**Problem description:** An exact copy of the data below is required; return it in full.

**Information provided:**

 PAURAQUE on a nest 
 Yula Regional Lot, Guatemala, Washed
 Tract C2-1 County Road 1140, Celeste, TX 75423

**Final answer:**
 PAURAQUE on a nest 
 Yula Regional Lot, Guatemala, Washed
 Tract C2-1 County Road 1140, Celeste, TX 75423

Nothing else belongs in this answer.